*** Opening of Provided entries ***
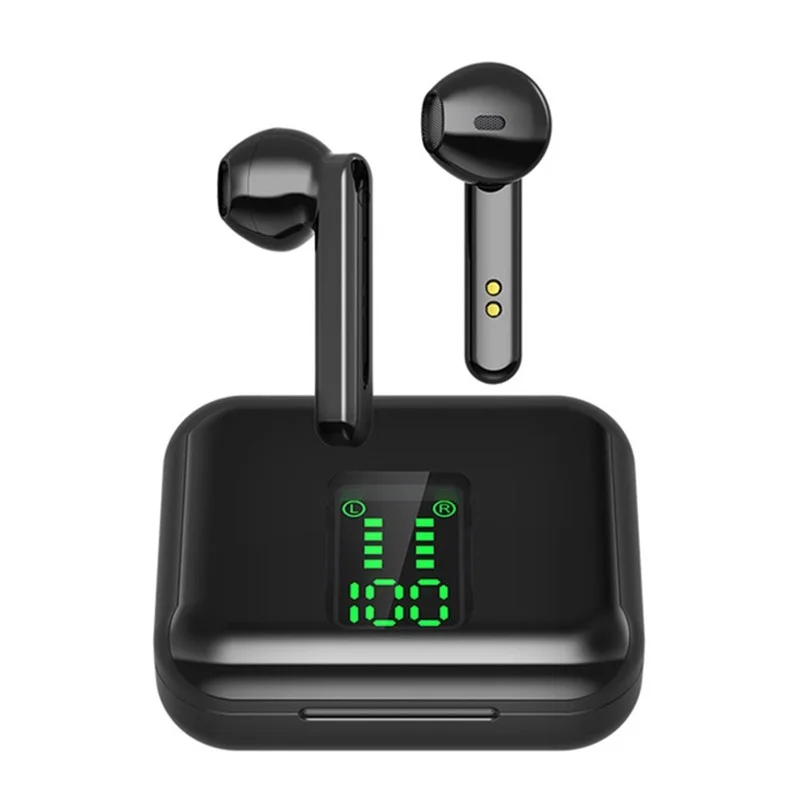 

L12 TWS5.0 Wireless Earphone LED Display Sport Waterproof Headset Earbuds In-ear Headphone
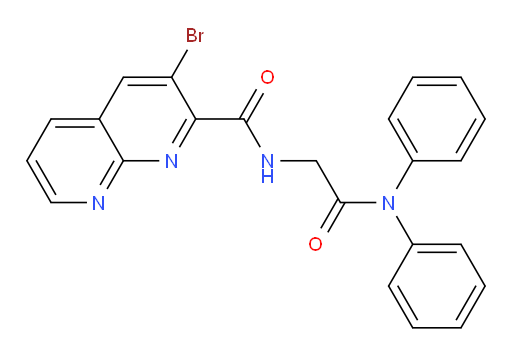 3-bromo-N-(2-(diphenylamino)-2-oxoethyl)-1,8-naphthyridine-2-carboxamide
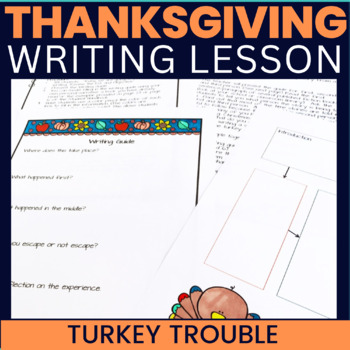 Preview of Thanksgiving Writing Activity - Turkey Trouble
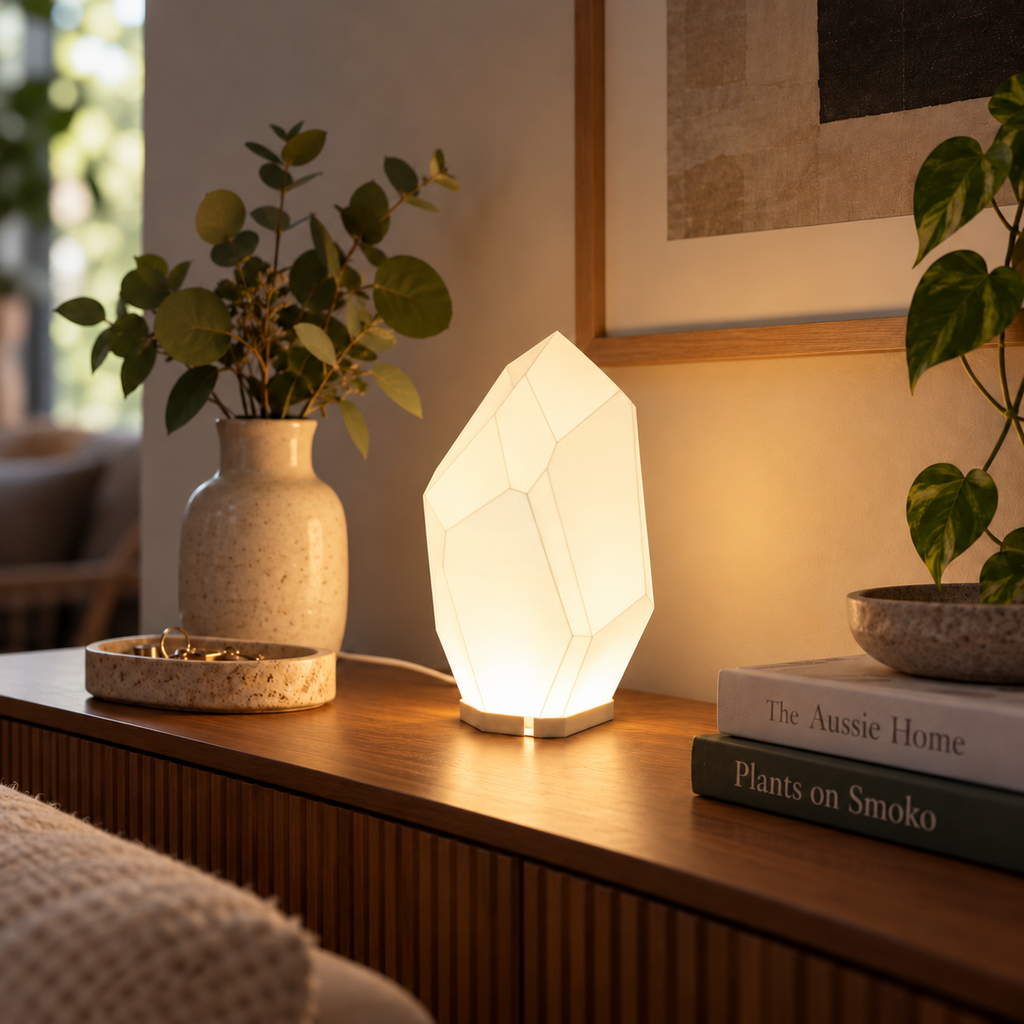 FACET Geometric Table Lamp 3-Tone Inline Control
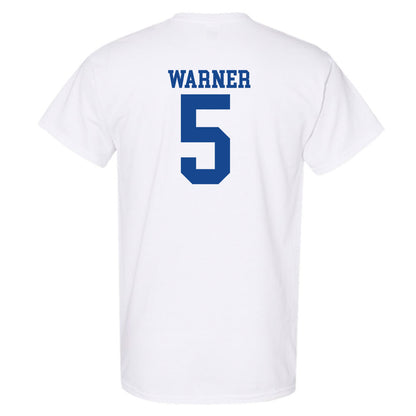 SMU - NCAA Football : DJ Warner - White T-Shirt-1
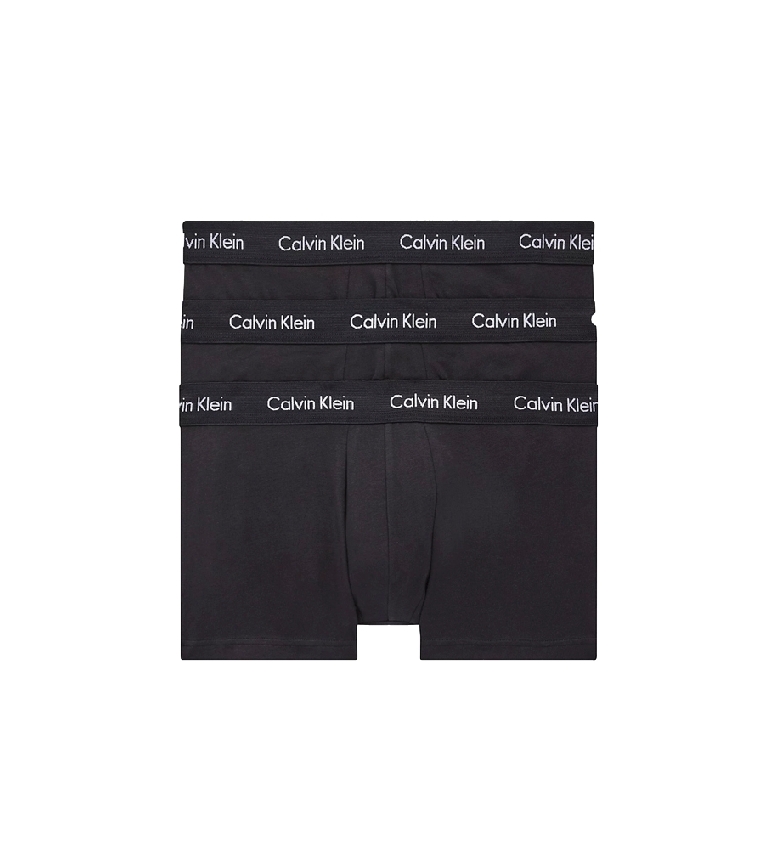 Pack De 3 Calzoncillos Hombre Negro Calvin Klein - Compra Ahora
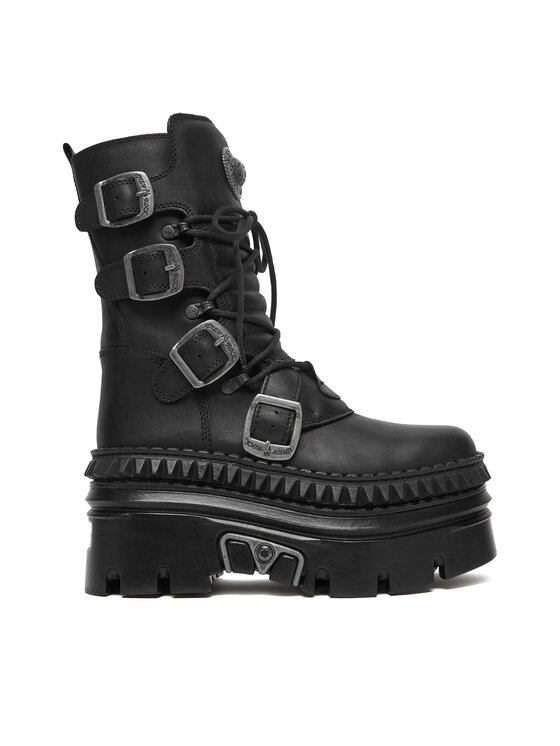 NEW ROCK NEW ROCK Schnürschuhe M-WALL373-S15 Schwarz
*** Close of Provided entries ***
• [Exercise]: Once the pictures are set aside, repeat the data above exactly.

• [Answer section]:
L12 TWS5.0 Wireless Earphone LED Display Sport Waterproof Headset Earbuds In-ear Headphone
 3-bromo-N-(2-(diphenylamino)-2-oxoethyl)-1,8-naphthyridine-2-carboxamide
 Preview of Thanksgiving Writing Activity - Turkey Trouble
 FACET Geometric Table Lamp 3-Tone Inline Control
 SMU - NCAA Football : DJ Warner - White T-Shirt-1
 Pack De 3 Calzoncillos Hombre Negro Calvin Klein - Compra Ahora
 NEW ROCK NEW ROCK Schnürschuhe M-WALL373-S15 Schwarz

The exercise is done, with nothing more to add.